Task directions — Return verbatim the lines that run from the one holding "Photo of Bedroom in Carnot" to the end of the listing, both ends included, without the pictures.
Information shown Block Start
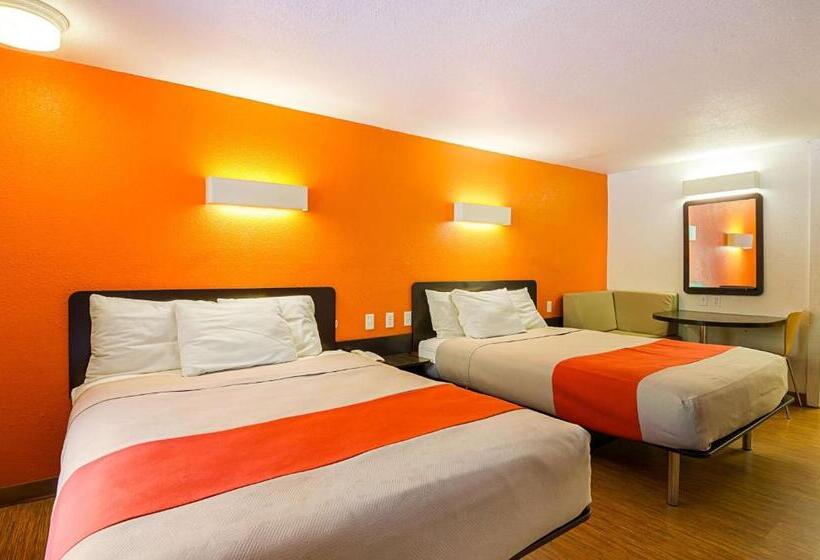 فندق على الطريق Rodeway Inn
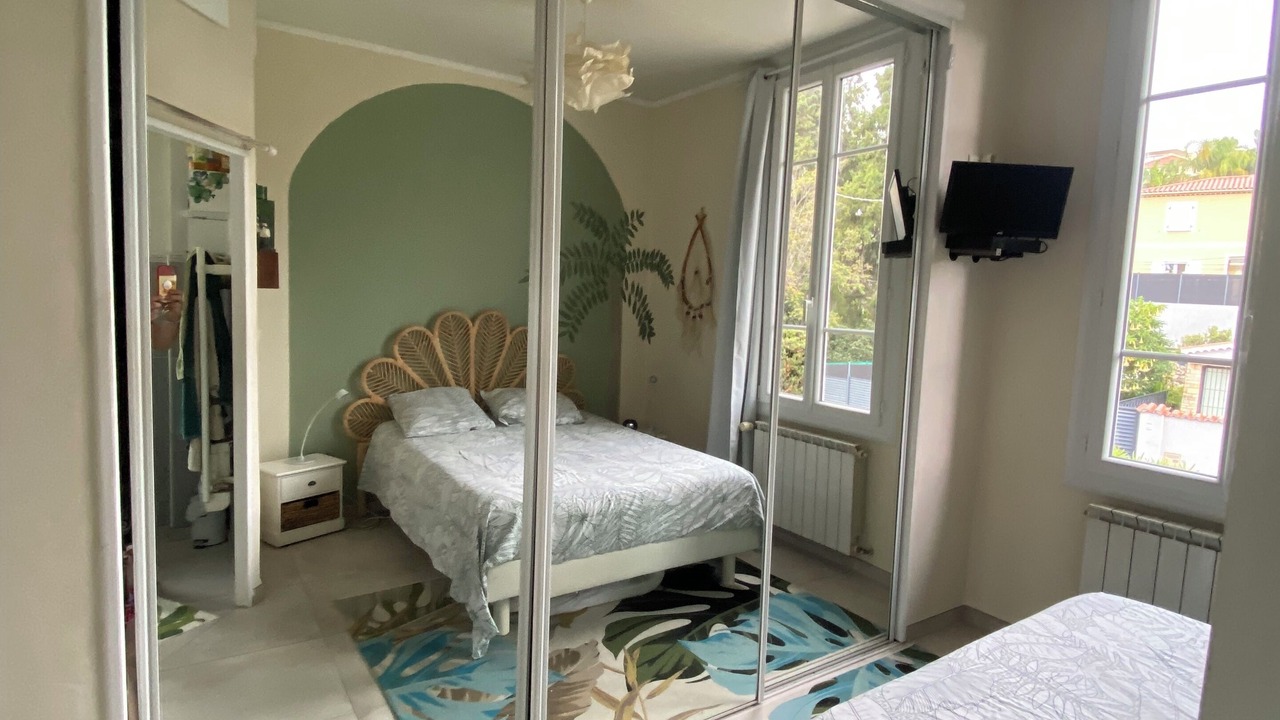 Photo of Bedroom in Carnot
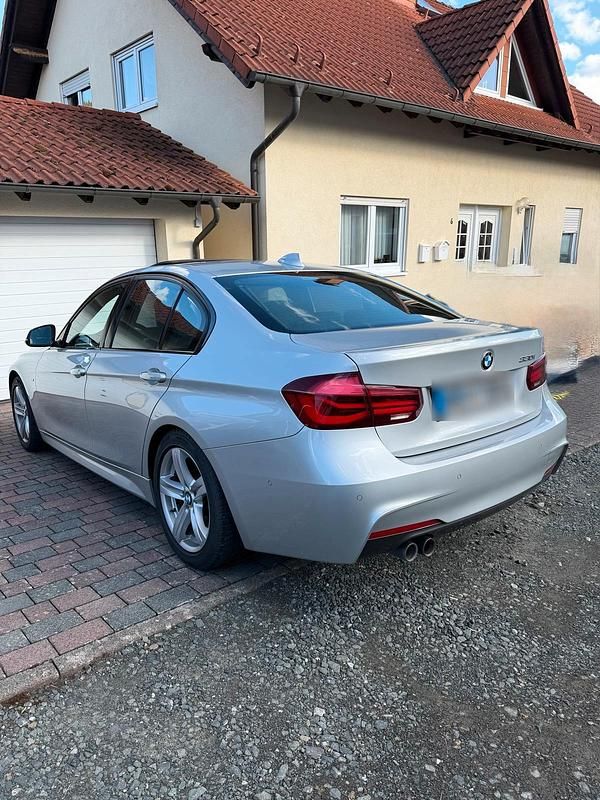 Gebraucht BMW 330 M Sport 252 PS (185 kW) 2018 Silber Limousine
Information shown Block End
Answer space —
 Photo of Bedroom in Carnot
 Gebraucht BMW 330 M Sport 252 PS (185 kW) 2018 Silber Limousine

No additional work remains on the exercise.